Diante deste contexto, é até mesmo óbvio que o longa-metragem não foi produzido nas condições ideais. Trata-se de um cinema possível, feito na raça, o que se por um lado transborda vontade por outro deixa escancarado os problemas técnicos existentes, que não são poucos. A começar pela fotografia, ora explorando planos bem abertos ora closes com a câmera tremida, por vezes perdendo o foco ou até mesmo o próprio personagem - contraste decorrente da substituição do diretor de fotografia ainda durante as filmagens, e da impossibilidade de se rodar novamente o que já havia sido feito. A edição também é afetada por tal mudança, resultando em sequências onde o áudio continua após o encerramento da cena em si, adentrando a seguinte. Soma-se a isto a iluminação precária em várias tomadas noturnas e também a bizarra falta de sincronia entre o movimento labial do elenco e os diálogos, que desvia a atenção da narrativa a todo instante.
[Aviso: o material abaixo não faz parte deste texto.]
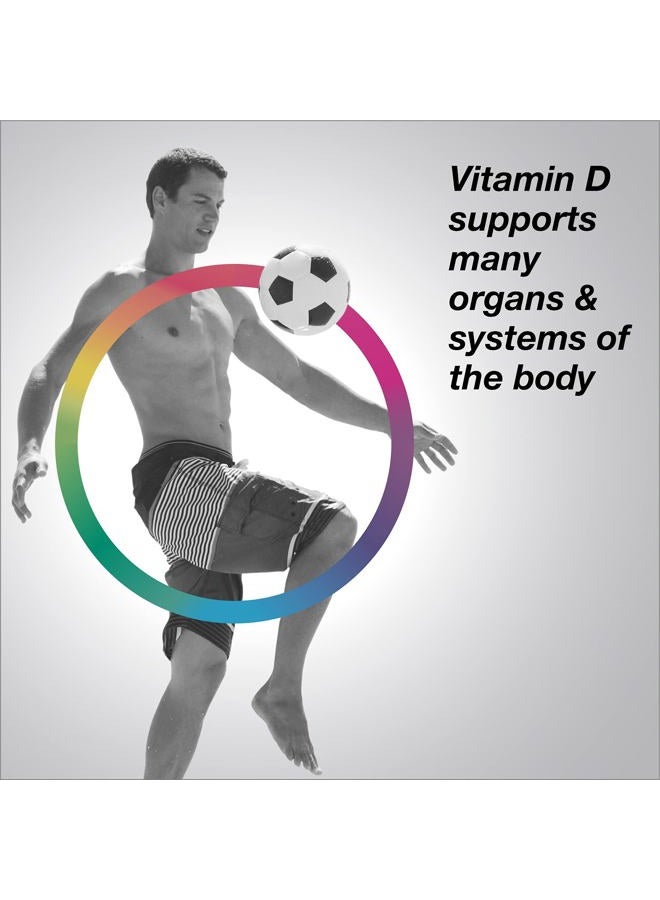 Rainbow Light Berry D-Licious 2,500 IU Vitamin D3 Gummy - Ultra Potency Vitamin D Supplement Supports Bone and Muscle Strength, Calcium Absorption, and Circulatory Health; Gluten-Free - 50 Count - Image 4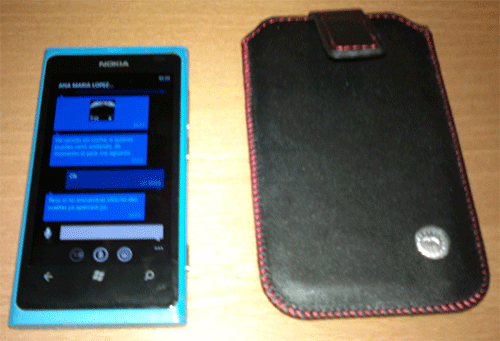 Funda Nokia Lumia 800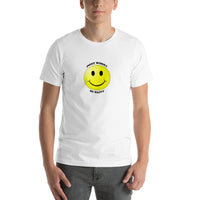 Lächeln-Emoji Unisex-T-Shirt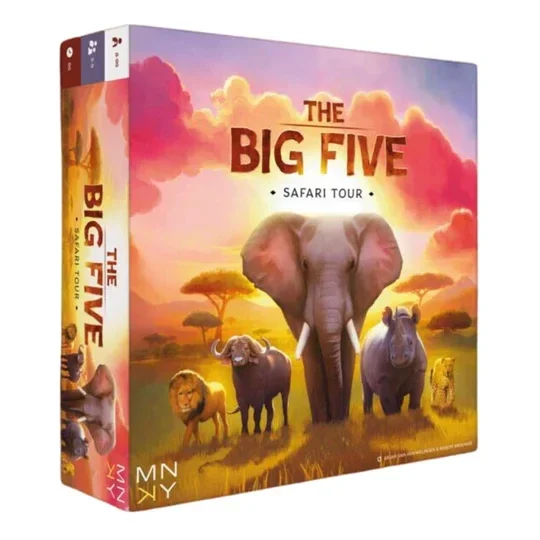 The Big Five - Bordspel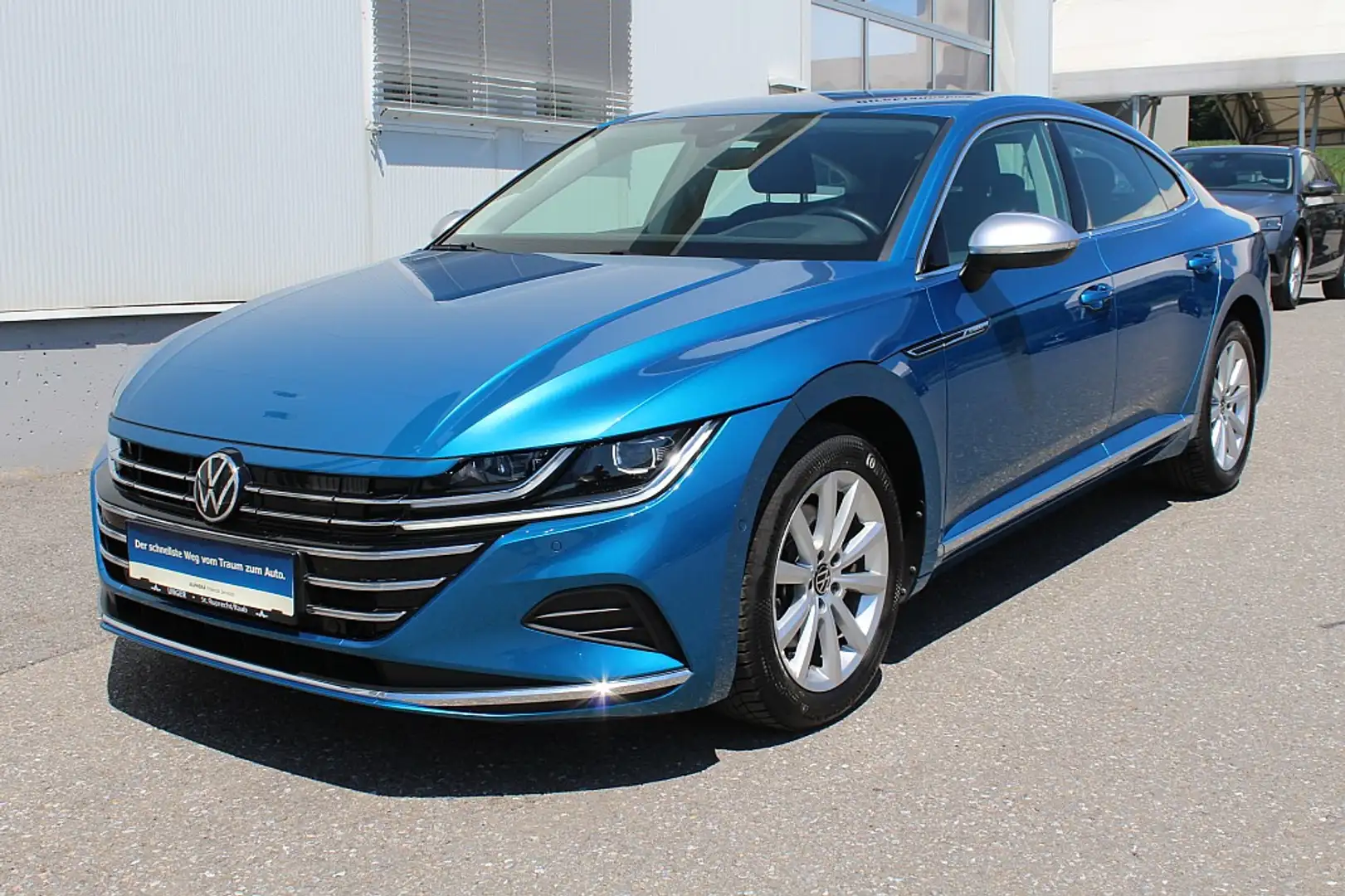 Volkswagen Arteon 1,4 TSI eHybrid PHEV R-Line DSG Blau - 1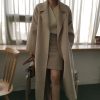 Women's New Fashion Woolen Coat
Tais problemas técnicos, é claro, prejudicam bastante o filme - mas não são os únicos. Há também um certo descompasso narrativo entre o que é dito e o que é exibido, fruto em boa parte das mesmas dificuldades financeiras. Situado em 1977, Bandeira de Retalhos mantém diálogos com termos da época, por vezes com um ritmo próprio de rima, mas o figurino e mesmo a ambientação nem sempre seguem o mesmo apuro - há uma cena em que uma câmera portátil moderna aparece, com uma figurante falando ao celular ao fundo. Detalhes que, pouco a pouco, minam a crença do espectador naquela realidade ali retratada. O que é uma pena, pois Bandeira de Retalhos tem o que dizer.
Seguindo a linha de vários filmes do Cinema Novo - contemporâneo do diretor, é bom ressaltar! -, Sérgio Ricardo aqui dá voz aos oprimidos, representados pelos moradores do Vidigal. Há uma sucessão de agressões sociais, em maior ou menor escala: o Estado que deseja expulsá-los do lugar em que vivem, a polícia como meio de execução das ordens impostas, o filho que presenciou o assassinato de seus pais, trabalhadores, e por isso se tornou bandido. São retratos de uma injustiça cotidiana que, infelizmente, ainda repercutem nos dias atuais. Basta relembrar a forma como os moradores da Vila Autódromo foram tratados, em meio às obras para as Olimpíadas de 2016.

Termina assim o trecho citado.